Reproduce the full listing below unchanged, apart from the pictures.

BEGIN DATASET EXCERPT

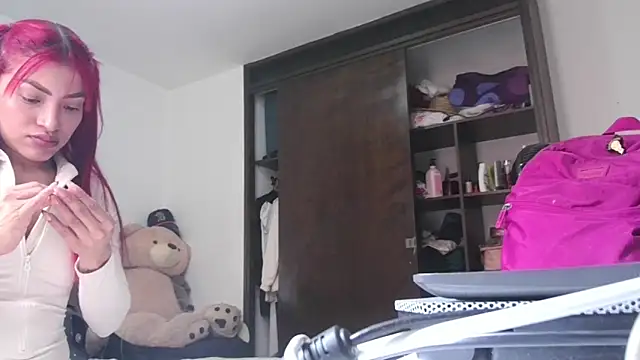 Snapshot of ari_sexy1 chatting on December 3, 2025, 5:45 pm ari sexy1 online show from December 3, 2025, 5:45 pm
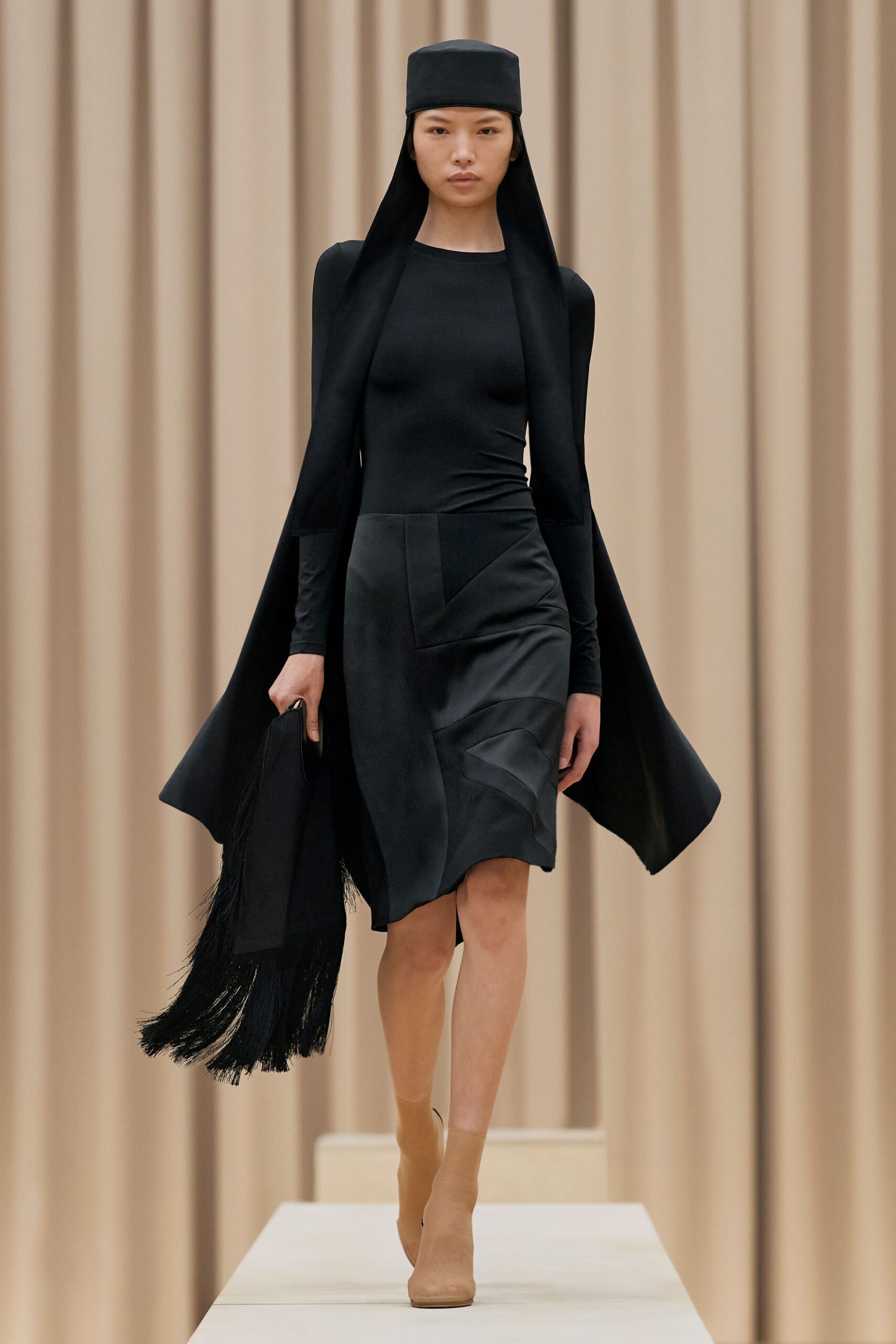 Burberry F/W 21 Look 601
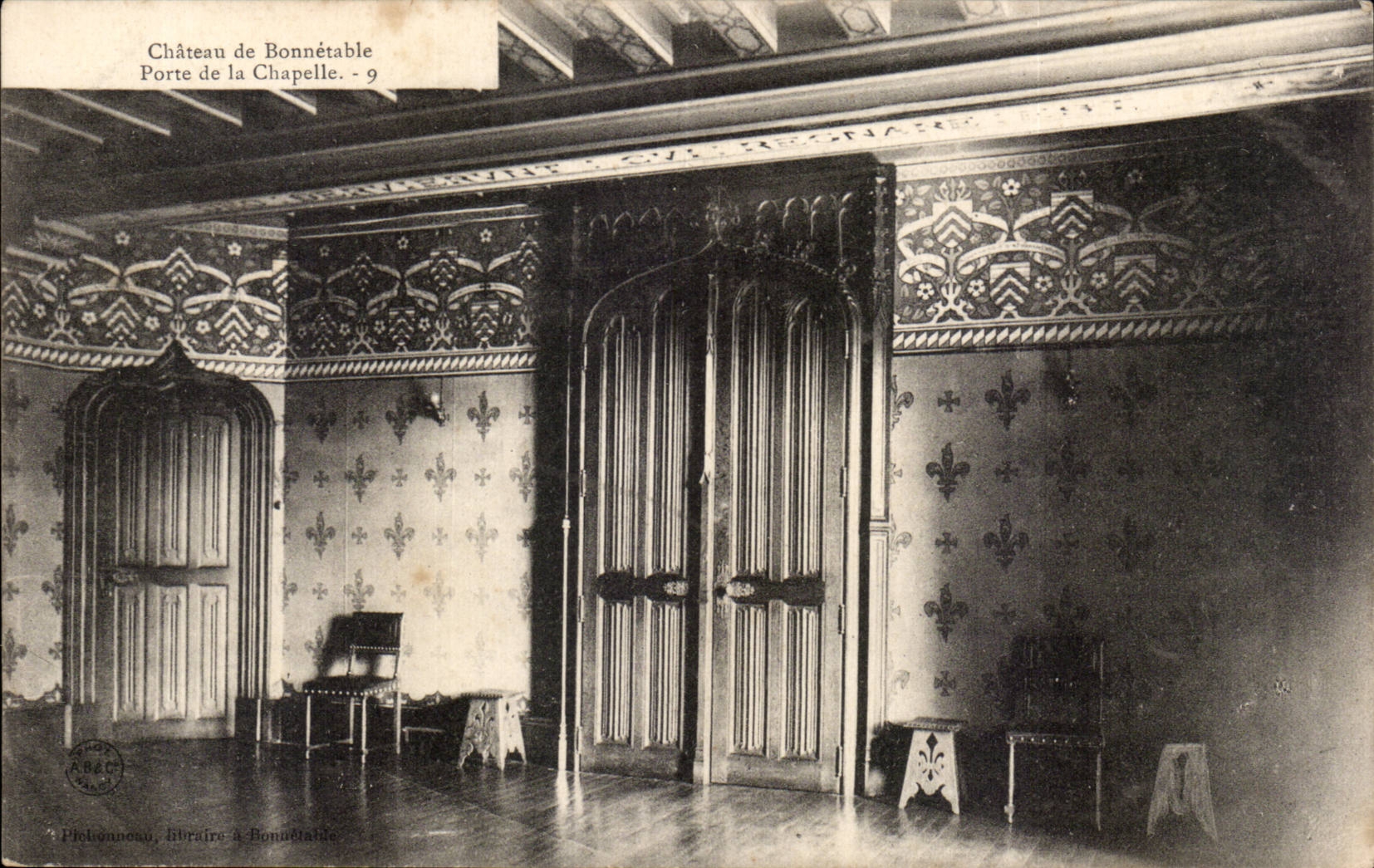 CPA Chateau de Bonnetable Porte de la chapelle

END DATASET EXCERPT

- [COMPLETED TASK]:
 Snapshot of ari_sexy1 chatting on December 3, 2025, 5:45 pm ari sexy1 online show from December 3, 2025, 5:45 pm
 Burberry F/W 21 Look 601
 CPA Chateau de Bonnetable Porte de la chapelle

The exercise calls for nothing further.